A select group of teachers argued against proposed middle school curriculum changes, including the elimination of Regents-level classes, during a Sewanhaka Central High School District meeting last week. Adjustments suggested by a committee of district and building administrators include advanced curriculum in seventh and eighth grade as early as next year.
New Hyde Park Memorial High School Guidance Counselor Craig Barbieri noted the classes taken by students leading up to graduation including physics, chemistry, earth science, living environment, geometry, algebra and pre-calculus.
“I agree with having high standards for students,” he said. “[Is the current curriculum] not enough to prepare them for a college setting?”
District Superintendent Ralph Ferrie indicated otherwise.
“The research is saying it’s not,” Ferrie said. “We haven’t released our findings. We want to make sure the data is accurate. Students taking AP classes and other challenging classes in high school—there’s a significantly higher number of students finishing college.”
By 2015, the district would implement tougher classes in seventh- and eighth-grade science, social studies and English. Advanced programs already exist in math.
“This is a major shift,” Assistant Superintendent for Curriculum and Instruction Cheryl Champ said. “If this is to be implemented, it has to be led at the building level.”
In 2016, challenging social studies and English classes would start. The Regents-level science class would still be offered, but the advanced class, currently earth science, would be switched to the living environment curriculum.
Champ said the district wants to “prepare students to access AP, upper level and advanced courses in high school.”
“Achievement is going up as well as access to other courses,” she said. “Other goals—preparing the greatest number of students to earn advanced regents diplomas. Our principals set goals around that every year.
We believe it’s a big indicator of college readiness.”
Schools would begin to increase the number of students taking advanced science in 2017, with a target for all “mainstream students” to enroll in the class by 2019.
“I want it loud and clear that we are not lowering expectations of our students,” Champ said. “We are raising them.”
Barbieri argued that the State University of New York’s admission reps that second-level algebra and trigonometry are the indicators of future mathematic success in college. Furthermore, the continued roll-out of the heavily criticized common core curriculum still needs to be evaluated.
“I have no issue with students taking more challenging classes later on,” he said. “I’m just not sure that this shifting paradigm is the way to make sure that it happens.”
Champ indicated the shift would position middle school students to take advanced courses at the high school level. She admitted, however, that there will be challenges, including educating parents, their children and the teachers themselves.
“Obviously this is not something that happens easily or lightly, helping parents understand the new model.
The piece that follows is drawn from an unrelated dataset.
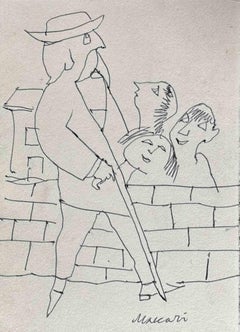 Vintage Walking Man - Drawing by Mino Maccari - 1960s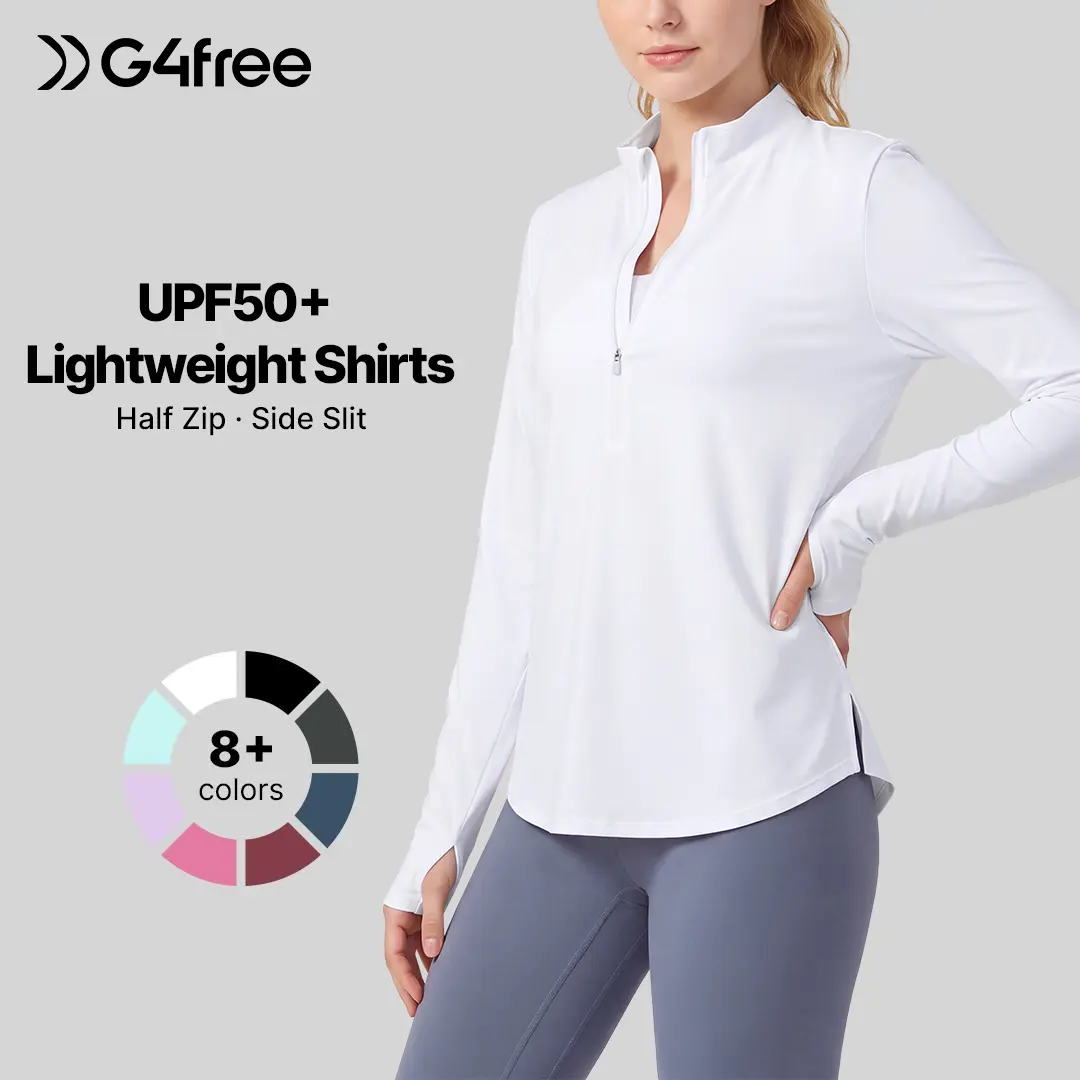 G4Free Women's UPF 50+ Sun Protection T-Shirt - Relaxed Fit, Lightweight Polyester Clothes, Half-Zip, Quick Dry Pro Workout Activewear for Golf, Hiking,#sohochic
If they have older children coming through, they’ve gone through the current policy and are going to be curious about the changes,” Champ said.
New Hyde Park math teacher David Sims is worried about what he calls “differentiated instruction” would bring to the table if the plan is implemented.
“The basic idea is, you have students of different ability levels and you divide your lesson plan to address the different ability levels in that classroom,” he said. “If you have three different ability levels in a classroom—I still cannot come up with an answer in how to manage your time to cover everything in the curriculum. It’s hard to balance that time as a teacher.”
Brian Basil, a New Hyde Park math teacher, is concerned with the possible elimination of teachers due to this move. He’s opposed to differentiated instruction.
“I’m very skeptical of jargon that has been thrown around very casually in the pedagogical world,” Basil said. “I’m cautious about ambitious programs that seem to be designed to eliminate teachers.”
Ferrie said, “the last thing we want to do is lose teachers. We have fought to maintain our teaching staff. This board goes to Albany annually. I’ve seen them discuss this and there’s absolutely no intention to reduce our teaching staff.”